Update on Baghdad security.  Daveed Gartenstein-Ross at CTB:

Shortly after arriving in Iraq, I blogged about the worsening security situation in the International Zone (IZ, also sometimes known as the "green zone"). In criticizing the media's coverage of the increase in mortar attacks against the IZ, I noted that the press has failed to answer some basic questions: "has there been an increase in attacks, or just an increase in their lethality? When did the IZ begin to see the increase in lethal mortar strikes? Are they being carried out by Sunnis are Shias? What is motivating these attacks?" At the time I wrote that, my sources in the IZ were unable to answer all of these relevant questions -- but a recent briefing by Major Brynt Parmeter has helped to clarify these critical questions for me.

Major Parmeter and Major Guy Wetzel informed me that there has been an increase in the number of mortar attacks hitting the IZ, and not just an increase in the attacks' accuracy. I have also heard the same from reliable eyewitnesses in the IZ. One American contractor working there e-mailed me: "Believe me, rocket attacks are way more frequent than when I first got here. Last night one came screaming over my office and detonated a block away . . . . I got intimate with the floor in my office as I waited for the next one to drill in. (They're usually launched in twos and threes.) That rocket hit a villa across the street from where some of my coworkers are lodged."

So who is carrying these attacks out? Major Parmeter said, "The chance of these attacks all being coordinated by one group is basically nil." I previously reported that U.S. forces haven't gotten much of a chance to interview the people who have been carrying out the attacks -- basically because the Americans have been killing the attackers rather than capturing them.

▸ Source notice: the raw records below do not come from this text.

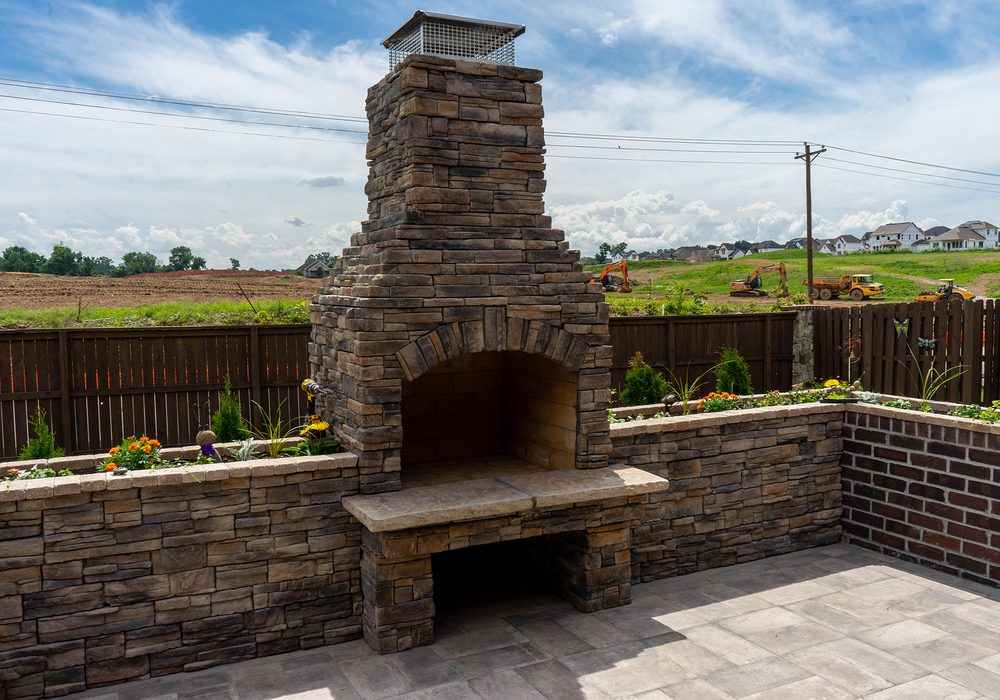 Stacked stone outdoor fireplace on a paver patio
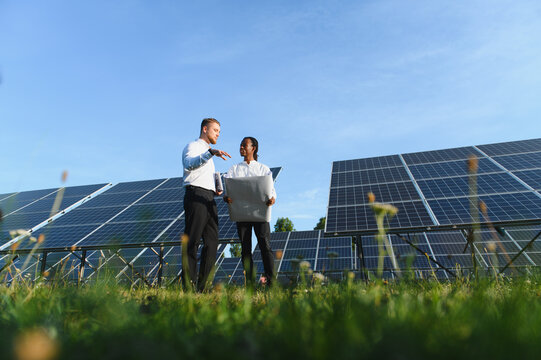 Engineers discussing solar energy project at solar farm
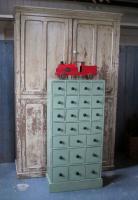A bank of pine workshop drawers,
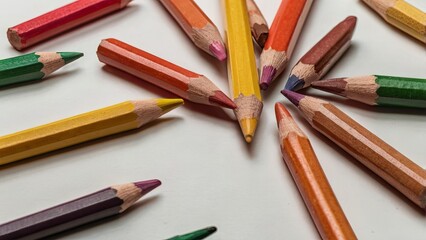 Close-up of scattered colorful pencils on white surface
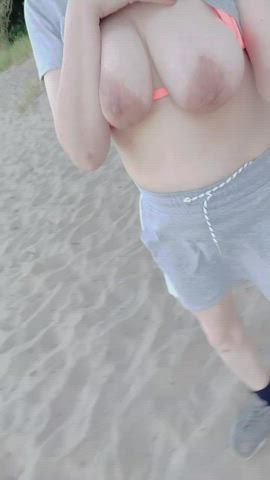 Here I am topless running in the sand at the beach - free porn video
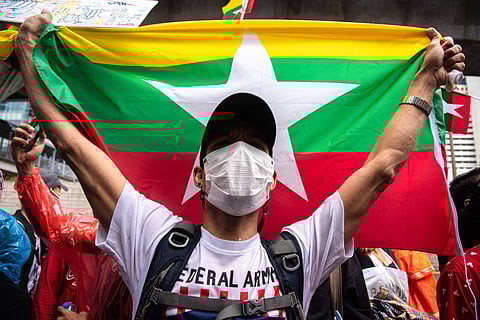 A protester wearing a face mask and cap holds up the flag of Myanmar during a Spring Revolution demonstration in Bangkok. The crowd around him is dressed in colourful clothing, with protest signs visible in the background.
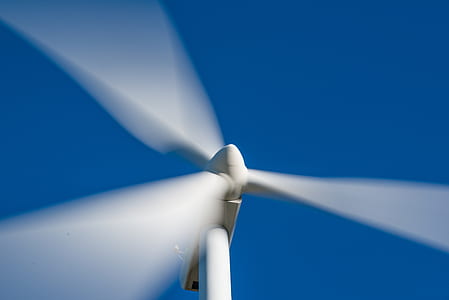 white windmill under blue sky during daytime thumbnail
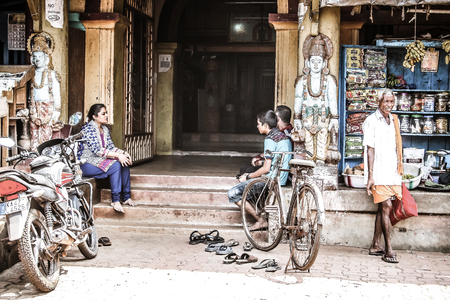 Gokarna Karnataka India October 30, 2017 View of unknown people walking in the main street of Gokarna town in the morningのeditorial素材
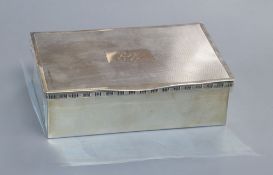 A modern silver cigarette box, by Cooper Brothers & Sons, Sheffield, 1973, 15cm.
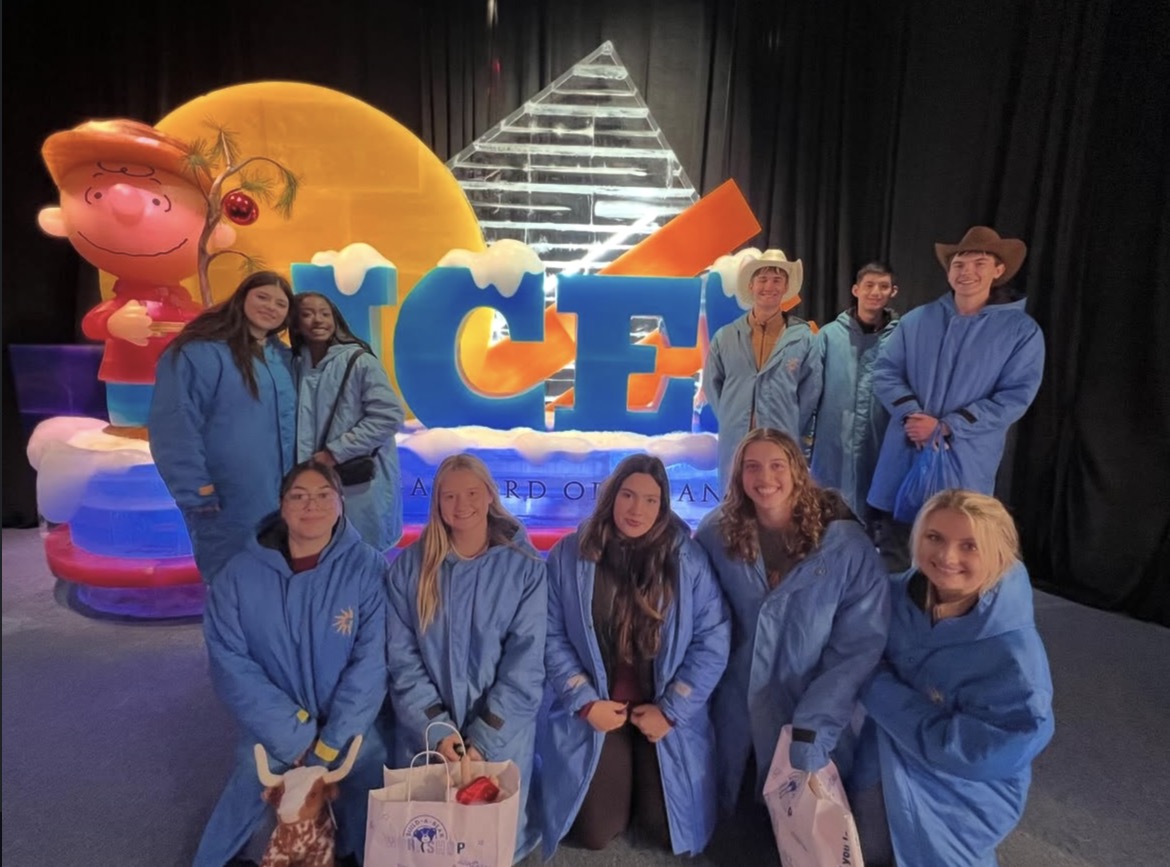 The journalists bundle up and enjoy a beautiful Charlie Brown Christmas Ice Sculpture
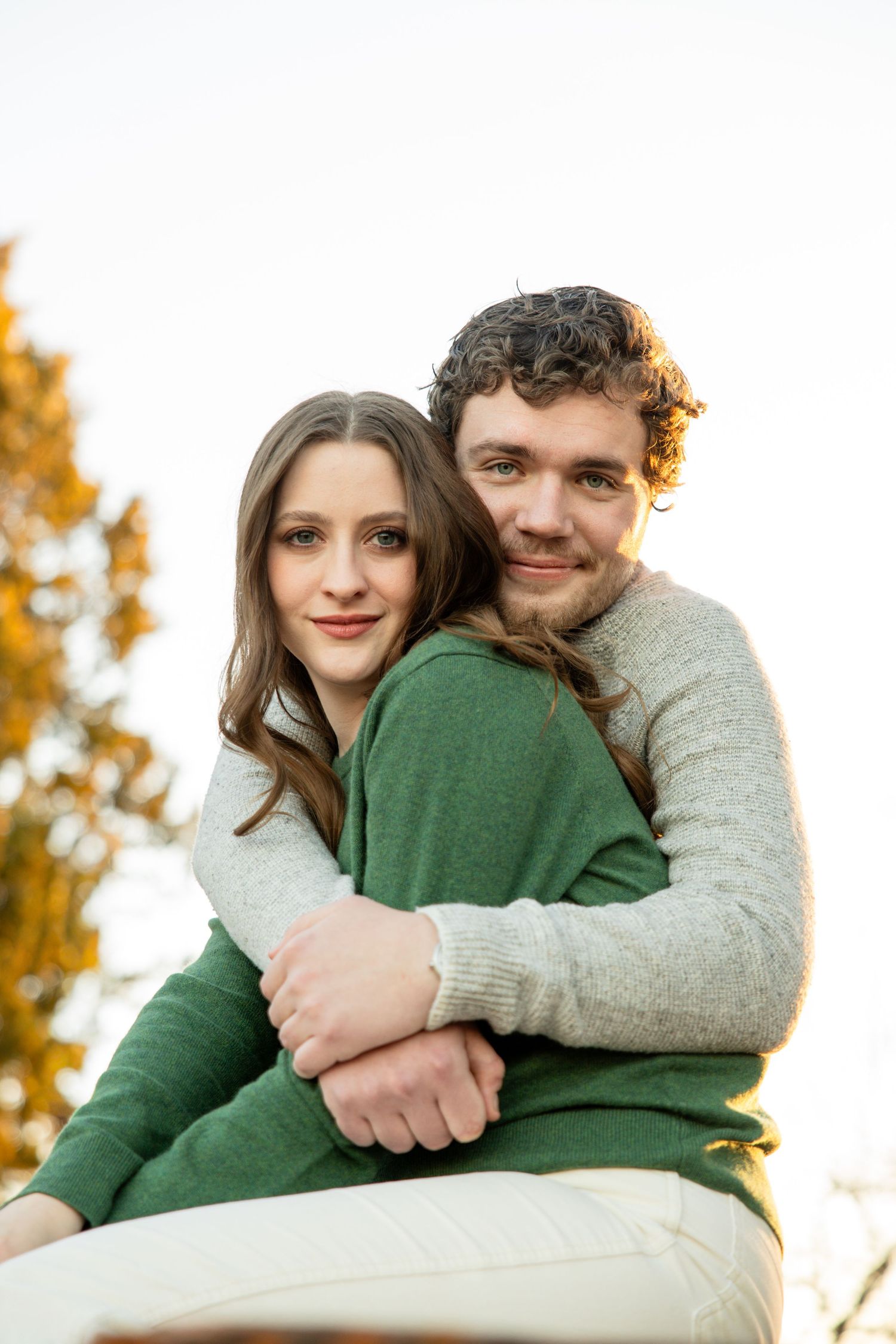 Man in gray sweater embracing woman in green sweater from behind during autumn outdoor photo session.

Despite that, the officers delivering the briefing were confident that the attacks are being carried out by both Sunnis and Shias. This is because we have good "fingerprints" of the neighborhoods from which the mortars are being launched, and they are consistently being launched from both Sunni and Shia areas.

I speculated in my last post that the timing of the increase in mortar attacks suggests a propaganda purpose. The majority of military sources I spoke with agreed with this assessment. However, Major Parmeter introduced another relevant factor to the analysis: the seasonal nature of attacks. He reminded me that April through June are the peak months for insurgent attacks. So the relevant base of comparison isn't just levels of violence in the IZ now versus where they were two months ago: instead, a comparison to the same period last year, in 2005, etc. would help to account for spikes and valleys that are driven by factors like climate and holidays. The majors delivering the briefing did not have the relevant data on hand to undertake such a comparison, but such an analysis would help us determinatively understand if the current increase in mortar attacks outstrips the general seasonal variation.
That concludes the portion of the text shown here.